Oleh : Sulfi NH Bugis
(Praktisi Pertanian dan Pemerhati Desa)
Mewakili para petani Di lembah Wasile-Timur Halmahera saya merasa gelisah. bagaimana tidak, ketika membaca peta pembangunan hari ini menampilkan kontras yang cukup tajam: satu sisi, aktivitas industri tambang yang gagah berdiri digadang-gadang sebagai mesin penggerak ekonomi baru, sementara itu di sisi yang lain, sektor pertanian yang semenjak lama menjadi sandaran hidup masyarakat pedesaan semakin terpinggirkan.
Dalam wacana publik, tambang dipromosikan sebagai simbol modernitas, lapangan kerja, dan sumber pendapatan daerah. Namun, di lapangan masalah dan pertanyaan besar muncul: bagaimana harga yang harus dibayar oleh petani, lahan pangan, dan ketahanan pangan lokal akibat ekspansi tambang?
Jika ditelusuri dari variabel lingkungan, masalahnya tampak jelas. Lahan sawah yang dulu menjadi kebanggaan daerah ini, kini dan bahkan kelak banyak berubah fungsi atau tidak lagi ditanami. Aktivitas tambang dengan pembukaan jalan, penggalian tanah, dan penimbunan material mengakibatkan lahan produktif berkurang secara signifikan. Air irigasi yang dahulu jernih kini sering membawa sedimen bahkan berpotensi terkontaminasi logam berat. Hal ini bukan sekadar isu teknis, melainkan ancaman nyata terhadap kualitas tanah dan air yang menjadi dasar produksi pangan. Penurunan pH tanah, menurunnya kadar bahan organik, hingga rusaknya ekosistem sagu sebagai pangan lokal adalah tanda-tanda degradasi yang sulit dibantah akhirnya.
Fakta ekologis tersebut tentu nya akan berimbas langsung pada variabel produktivitas pertanian. Data produksi padi sawah menunjukkan tren menurun, luas lahan tidur kian bertambah, dan hasil panen per hektar tidak sebanding dengan kebutuhan konsumsi lokal. Petani yang dulu menanam padi secara rutin kini menghadapi dilema: biaya produksi yang naik, risiko gagal panen akibat kualitas tanah menurun, serta keterbatasan akses terhadap alat mesin pertanian (alsintan). Bantuan benih unggul memang dibagikan, tetapi tanpa tanah subur dan air bersih, benih hanyalah simbol harapan yang rapuh.
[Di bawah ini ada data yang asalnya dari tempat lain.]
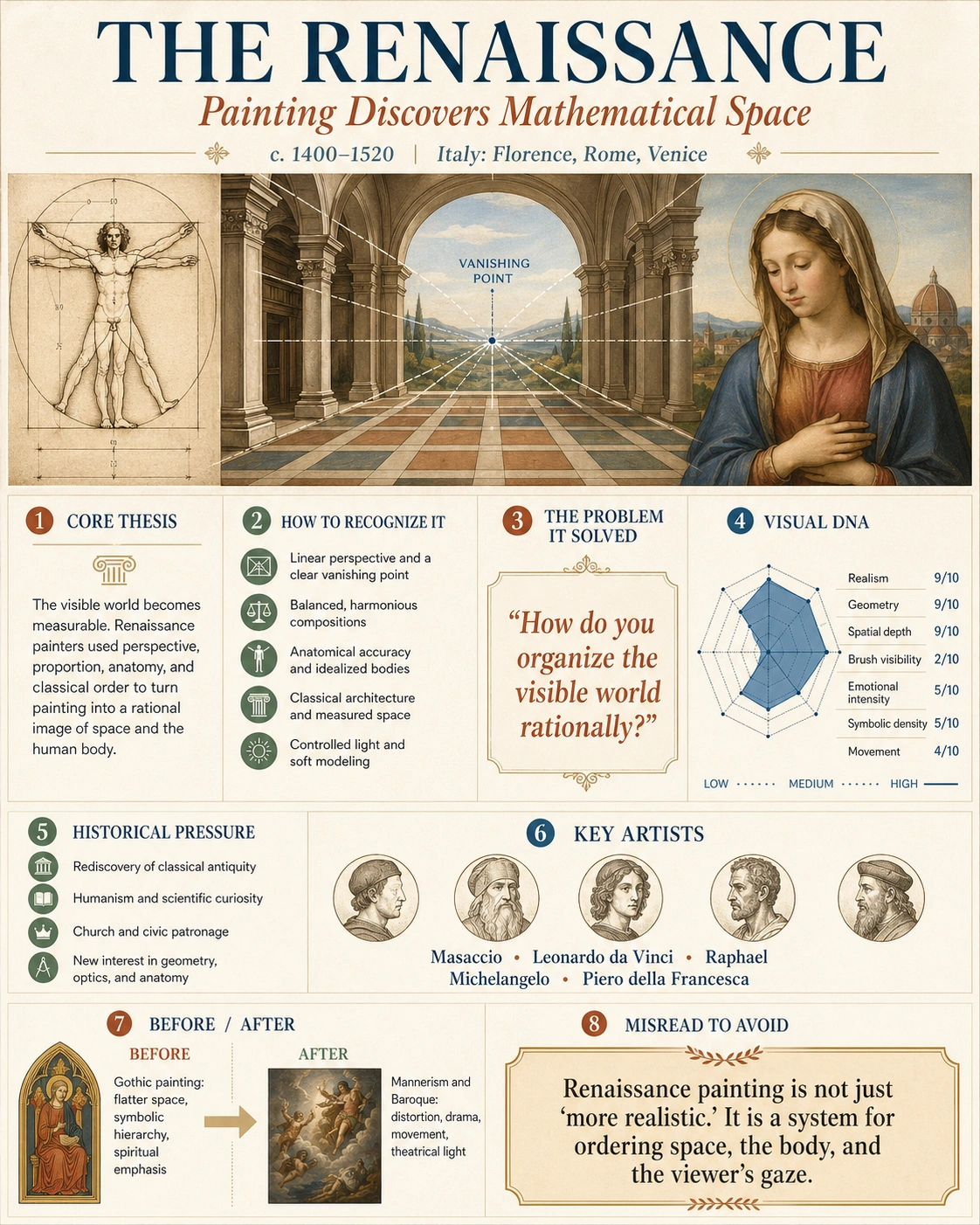 Renaissance painting style demonstrating linear perspective and ordered space in classical composition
Dampak lingkungan dan produktivitas ini kemudian merembet pada variabel sosial-ekonomi. Banyak petani akhirnya memilih meninggalkan sawah dan bekerja di sektor tambang. Secara jangka pendek, pilihan itu tampak rasional: gaji bulanan dari perusahaan tambang lebih cepat diterima dibanding menunggu hasil panen yang tidak pasti. Namun, secara jangka panjang, migrasi profesi ini mengikis basis petani produktif di Halmahera Timur. Pendapatan petani yang bertahan semakin tidak menentu, harga komoditas lokal tidak stabil, dan ketahanan pangan rumah tangga kian rapuh. Ironisnya, daerah yang pernah disebut lumbung pangan kini berpotensi menjadi konsumen setia beras impor dari luar Maluku Utara.
Mitigasi tentu sudah digembar-gemborkan. Beberapa program Pemerintah di level Desa secara bersama-sama telah mengupayakan program bantuan berupa bibit dan pupuk. Tetapi, pertanyaannya: seberapa efektif program-program tersebut? Berapa hektar lahan yang kini tidur benar-benar kembali produktif? Apakah bantuan benih unggul disertai pendampingan teknis dan perbaikan ekosistem tanah? Tanpa evaluasi yang transparan, program mitigasi cenderung berhenti pada angka seremonial yang enak didengar, tapi kosong di lapangan.
Dalam konteks kelembagaan, peran kelompok tani atau gapoktan juga belum maksimal. Mereka seringkali hanya menjadi penerima bantuan, bukan aktor utama dalam perumusan kebijakan mitigasi. Padahal, kearifan lokal dan pengalaman petani bisa menjadi bahan penting untuk menyusun strategi adaptasi. Jika kebijakan hanya top-down, maka suara petani akan semakin tenggelam di balik retorika pembangunan tambang.
Lebih jauh bahkan, soalan ini bukan sekadar soal sawah atau komoditas. Ia menyentuh jantung ketahanan pangan. Variabel ketahanan dan keberlanjutan pangan menegaskan bahwa cadangan pangan lokal di Halmahera Timur semakin terbatas. Indeks ketahanan pangan daerah rawan melemah jika produksi terus menurun sementara konsumsi meningkat. Apalagi, sagu sebagai pangan tradisional Maluku Utara juga terancam akibat ekspansi tambang yang menggerus hutan rawa. Ketika pangan lokal hilang, masyarakat tidak hanya kehilangan sumber energi, tetapi juga kehilangan identitas budaya.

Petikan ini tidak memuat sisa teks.